DESCRIPTION OF THE TASK: Please output every line of the material as it stands, without the pictures.

DATASET SECTION:
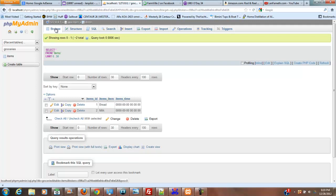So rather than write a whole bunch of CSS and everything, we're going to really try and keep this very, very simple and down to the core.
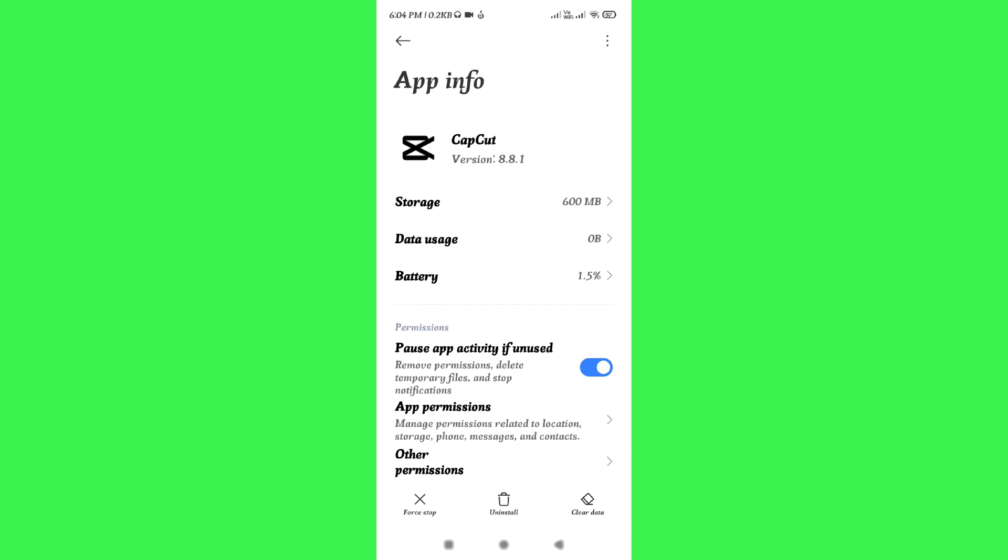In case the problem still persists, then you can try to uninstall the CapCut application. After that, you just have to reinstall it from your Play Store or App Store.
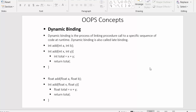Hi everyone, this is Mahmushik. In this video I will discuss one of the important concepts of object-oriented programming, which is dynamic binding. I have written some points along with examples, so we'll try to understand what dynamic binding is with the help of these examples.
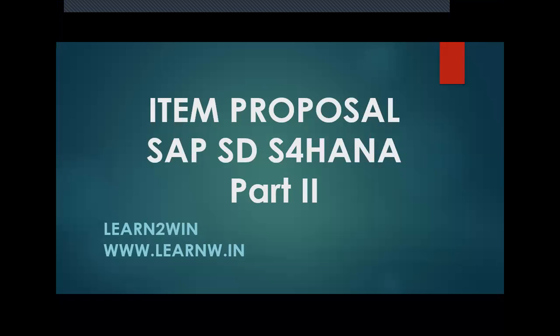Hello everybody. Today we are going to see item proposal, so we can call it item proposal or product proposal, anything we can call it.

ANSWER AREA:
So rather than write a whole bunch of CSS and everything, we're going to really try and keep this very, very simple and down to the core.
In case the problem still persists, then you can try to uninstall the CapCut application. After that, you just have to reinstall it from your Play Store or App Store.
Hi everyone, this is Mahmushik. In this video I will discuss one of the important concepts of object-oriented programming, which is dynamic binding. I have written some points along with examples, so we'll try to understand what dynamic binding is with the help of these examples.
Hello everybody. Today we are going to see item proposal, so we can call it item proposal or product proposal, anything we can call it.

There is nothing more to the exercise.